8. CONTRADICTIONS COURANTES #
La notion de « tort » est à la fois morale (faute personnelle reconnue) et juridique (en droit civil français, « tort » comme préjudice causé à autrui ; en droit américain, tort law est le droit de la responsabilité civile). Paul Ricœur, dans Soi-même comme un autre (1990), a analysé l’imputabilité (capacité à être tenu pour responsable d’un acte) comme structure de l’identité narrative. Jean-François Lyotard, dans Le différend (1983), a forgé : il y a différend (par opposition à litige) quand le tort fait à une partie ne peut être exprimé dans le langage du droit existant — d’où l’urgence politique de créer de nouveaux idiomes. Hannah Arendt (Responsabilité et jugement, posthume 2003) a distingué culpabilité personnelle (auteur d’un acte) et responsabilité collective (membre d’une communauté). Amy Edmondson, professeure à Harvard Business School, a forgé la « psychological safety » (depuis 1999) — cultures organisationnelles où l’on peut admettre ses torts sans représailles, conditions de l’innovation. « Les torts sont partagés » est cliché des divorces sans torts (loi du 26 mai 2004 en France, simplification du divorce).

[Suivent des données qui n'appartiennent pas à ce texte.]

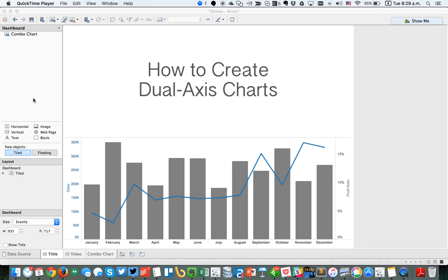In today's Tableau Tip, I'm going to show you how to create dual-axis charts like this one you see here. They're often called combination charts as well. Combination charts allow you to have different marks on different axes in order to compare two measures and quickly spot important relationships between the two. You might want to use a combination chart when you want to represent two measures with two different mark types.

9. CE QUE CES CLICHÉS EMPÊCHENT DE PENSER #
Que comme l’a posé Jean-François Lyotard dans Le différend (1983), il y a tort (au sens fort) quand un préjudice ne peut être exprimé dans le langage du droit qui aurait dû le protéger — les Auschwitz, les disparus, les colonisés, les femmes battues dans le langage patriarcal subissent un différend avant tout litige. Et que comme l’a démontré Amy Edmondson (depuis 1999) dans ses travaux sur la psychological safety, les organisations qui dissimulent les torts (par peur de la sanction) ne deviennent pas plus performantes — elles s’effondrent en cachant leurs erreurs, alors que celles qui les exposent ouvertement apprennent et progressent.
10. VERSION « PERSONNE QUI VEUT PARAÎTRE INTELLIGENTE » #
« Jean-François Lyotard (1924-1998), dans Le différend (1983, Éditions de Minuit), a distingué litige (différend exprimable dans un langage commun) et différend (préjudice qui ne peut s’exprimer dans le langage du tort, faute d’idiome). Exemple paradigmatique : les Juifs face au négationnisme (où seuls les morts pourraient témoigner), les colonisés face au droit colonial. Paul Ricœur, dans Soi-même comme un autre (1990, “neuvième étude. Le soi et la sagesse pratique. La conviction”), a analysé l’imputabilité comme structure du soi narratif. Hannah Arendt, dans les essais posthumes Responsabilité et jugement (Responsibility and Judgment, 2003, édition Jerome Kohn), a distingué culpabilité personnelle et responsabilité collective (à propos d’Eichmann). Amy Edmondson (Harvard Business School), dans “Psychological Safety and Learning Behavior in Work Teams” (Administrative Science Quarterly, 1999) puis The Fearless Organization (2018), a forgé la psychological safety. La distinction “à tort ou à raison” est attribuée à La Rochefoucauld (Maximes, 1665). La loi française du 26 mai 2004 (divorce) a simplifié les procédures sans torts (consentement mutuel, acceptation, altération définitive du lien conjugal). La présomption d’innocence est inscrite à l’article 9 de la Déclaration des droits de l’homme et du citoyen du 26 août 1789. »
11. ENTRÉE SATIRIQUE FINALE #
Tort : faute attribuée qu’on déclare « partagé » d’autant plus volontiers qu’on s’apprête à ne reconnaître aucun des siens.
12. RÉSUMÉ DU LIEU COMMUN CENTRAL #
Reconnaître ses torts — c’est ce qu’on demande aux autres pour s’épargner d’avoir à reconnaître les siens.